The school started out as Kingsbury County School in a premises on the Edgware Road between Colindale and Edgware on the 15th September 1925 but as the school roll increased a new school was built in Princes Avenue in 1929. The school then changed once again to become Kingsbury County Grammar School in 1944 as a result of legislation of the 1944 Education Act.

In 1952, two local secondary modern schools, Tyler's Croft Girls' and Boys', were opened on one site in Bacon Lane and were merged into one large school with Kingsbury County Grammar School in 1967. The London Borough of Brent (in which the school is located) had taken over responsibility for the school and reorganised all of its secondary schools as comprehensive schools.
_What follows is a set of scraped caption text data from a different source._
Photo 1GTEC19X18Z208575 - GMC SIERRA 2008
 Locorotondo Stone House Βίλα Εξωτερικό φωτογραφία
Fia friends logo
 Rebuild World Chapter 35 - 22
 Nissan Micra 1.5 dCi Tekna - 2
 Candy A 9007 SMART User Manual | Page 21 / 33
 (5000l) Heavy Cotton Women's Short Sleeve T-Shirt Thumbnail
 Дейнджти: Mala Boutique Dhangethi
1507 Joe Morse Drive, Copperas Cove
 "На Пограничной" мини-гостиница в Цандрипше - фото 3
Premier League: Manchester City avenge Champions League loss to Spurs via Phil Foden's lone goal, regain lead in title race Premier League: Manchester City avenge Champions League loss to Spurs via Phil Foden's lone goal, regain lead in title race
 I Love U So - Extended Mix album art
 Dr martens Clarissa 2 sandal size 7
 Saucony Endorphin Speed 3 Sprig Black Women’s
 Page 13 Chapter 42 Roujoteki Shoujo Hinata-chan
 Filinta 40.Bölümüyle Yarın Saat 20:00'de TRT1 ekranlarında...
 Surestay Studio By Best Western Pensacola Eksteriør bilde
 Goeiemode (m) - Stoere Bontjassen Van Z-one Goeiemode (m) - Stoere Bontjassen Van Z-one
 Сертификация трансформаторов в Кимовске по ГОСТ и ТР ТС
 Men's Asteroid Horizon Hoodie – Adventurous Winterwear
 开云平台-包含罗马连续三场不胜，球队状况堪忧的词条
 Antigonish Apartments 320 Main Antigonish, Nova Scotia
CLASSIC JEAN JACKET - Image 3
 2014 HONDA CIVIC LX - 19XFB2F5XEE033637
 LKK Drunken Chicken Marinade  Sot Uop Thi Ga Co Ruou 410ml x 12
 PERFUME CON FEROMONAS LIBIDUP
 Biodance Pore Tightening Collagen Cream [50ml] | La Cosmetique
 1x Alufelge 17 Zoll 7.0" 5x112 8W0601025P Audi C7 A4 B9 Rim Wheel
So in 1967 Kingsbury County Grammar school was amalgamated with the two secondary modern schools, Tylers Croft Secondary School for Boys and Tylers Croft Secondary for Girls and was renamed Kingsbury High School (KHS). The Tyler's building on Bacon Lane was to become the lower school (years 7–9) and the Kingsbury building on Stag Lane to become the upper school (years 10–13.)

The school, from then, has seen only cultural and technological differences. During the 1970s and 1980s, a large thriving and enterprising Asian community grew up in the Kingsbury area. As a result, the number of pupils increased to 1,750 and the proportion of ethnic minority children in the school increased.

The headmaster in the late 1980s to early 2000s was Phillip Snell who had a great interest in the potential of other learning resources. As a result, much money was invested in computing and the school rapidly gained a nationwide reputation for this. However the headmaster now is Mr C R Chung MA, NPQH. Most notably visit was when HRH Queen Elizabeth II chose the school to launch her royal website in 2000. The school now has interactive whiteboards in many classrooms (with an aim to put one in every classroom).

The lower school is one large building whereas the upper school comprises six separate buildings: two pretty general, one a foreign languages block, one a science (upstairs) and technology (downstairs) block, one sports hall and one a canteen.

Up to 2003 Kingsbury High School, selected 15% of its new intake via a cognitive ability test, mainly focussing on verbal reasoning. However for the next acedmic year, the test was scrapped, and all new intake generally come from local feeder primary schools.